#### Material provided ####
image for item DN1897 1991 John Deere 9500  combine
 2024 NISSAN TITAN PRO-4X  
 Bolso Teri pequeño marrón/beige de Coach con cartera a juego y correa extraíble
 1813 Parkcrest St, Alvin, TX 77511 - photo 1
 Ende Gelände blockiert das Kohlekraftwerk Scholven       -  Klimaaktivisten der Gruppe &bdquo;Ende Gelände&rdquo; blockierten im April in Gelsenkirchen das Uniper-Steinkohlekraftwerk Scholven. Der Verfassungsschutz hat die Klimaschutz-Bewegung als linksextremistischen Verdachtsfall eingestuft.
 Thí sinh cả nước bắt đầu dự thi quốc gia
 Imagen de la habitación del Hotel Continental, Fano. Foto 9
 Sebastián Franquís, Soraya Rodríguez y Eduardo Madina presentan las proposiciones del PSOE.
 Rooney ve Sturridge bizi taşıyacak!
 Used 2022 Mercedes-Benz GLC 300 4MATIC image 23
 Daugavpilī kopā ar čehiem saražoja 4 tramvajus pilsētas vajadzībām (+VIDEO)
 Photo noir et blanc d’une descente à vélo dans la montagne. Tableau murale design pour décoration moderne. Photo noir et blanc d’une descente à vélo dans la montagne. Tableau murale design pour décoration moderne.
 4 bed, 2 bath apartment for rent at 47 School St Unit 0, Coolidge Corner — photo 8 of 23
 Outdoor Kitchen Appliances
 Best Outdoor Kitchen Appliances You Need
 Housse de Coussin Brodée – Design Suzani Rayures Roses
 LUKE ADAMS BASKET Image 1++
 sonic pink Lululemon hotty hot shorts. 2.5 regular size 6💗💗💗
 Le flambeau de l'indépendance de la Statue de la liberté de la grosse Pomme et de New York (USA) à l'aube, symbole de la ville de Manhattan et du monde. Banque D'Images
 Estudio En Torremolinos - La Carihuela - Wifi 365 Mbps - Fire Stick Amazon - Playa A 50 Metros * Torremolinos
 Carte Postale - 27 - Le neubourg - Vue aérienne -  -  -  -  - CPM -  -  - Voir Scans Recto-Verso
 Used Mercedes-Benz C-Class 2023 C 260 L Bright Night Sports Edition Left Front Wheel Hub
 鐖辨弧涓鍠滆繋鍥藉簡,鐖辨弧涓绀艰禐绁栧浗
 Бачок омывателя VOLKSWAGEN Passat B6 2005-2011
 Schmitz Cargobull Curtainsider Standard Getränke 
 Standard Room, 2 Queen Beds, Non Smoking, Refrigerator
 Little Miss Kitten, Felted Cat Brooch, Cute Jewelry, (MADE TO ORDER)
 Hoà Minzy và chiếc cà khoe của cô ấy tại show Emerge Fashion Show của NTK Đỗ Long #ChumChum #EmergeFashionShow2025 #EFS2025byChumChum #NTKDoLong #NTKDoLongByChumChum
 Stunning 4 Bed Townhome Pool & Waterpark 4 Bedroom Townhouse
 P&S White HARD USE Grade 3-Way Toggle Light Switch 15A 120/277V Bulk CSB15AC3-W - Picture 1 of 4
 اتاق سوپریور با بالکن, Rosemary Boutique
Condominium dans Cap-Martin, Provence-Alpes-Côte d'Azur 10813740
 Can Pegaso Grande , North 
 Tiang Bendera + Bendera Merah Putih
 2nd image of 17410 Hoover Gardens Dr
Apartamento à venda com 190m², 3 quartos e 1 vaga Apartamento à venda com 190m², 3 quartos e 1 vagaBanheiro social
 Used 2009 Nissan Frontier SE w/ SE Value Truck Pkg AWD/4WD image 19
####
**Exercise goal**. Could you restate word for word the lines above from the one containing "Daugavpilī kopā ar" through the one containing "LUKE ADAMS BASKET Image 1++", both included, and nothing else?

**Written solution**.
 Daugavpilī kopā ar čehiem saražoja 4 tramvajus pilsētas vajadzībām (+VIDEO)
 Photo noir et blanc d’une descente à vélo dans la montagne. Tableau murale design pour décoration moderne. Photo noir et blanc d’une descente à vélo dans la montagne. Tableau murale design pour décoration moderne.
 4 bed, 2 bath apartment for rent at 47 School St Unit 0, Coolidge Corner — photo 8 of 23
 Outdoor Kitchen Appliances
 Best Outdoor Kitchen Appliances You Need
 Housse de Coussin Brodée – Design Suzani Rayures Roses
 LUKE ADAMS BASKET Image 1++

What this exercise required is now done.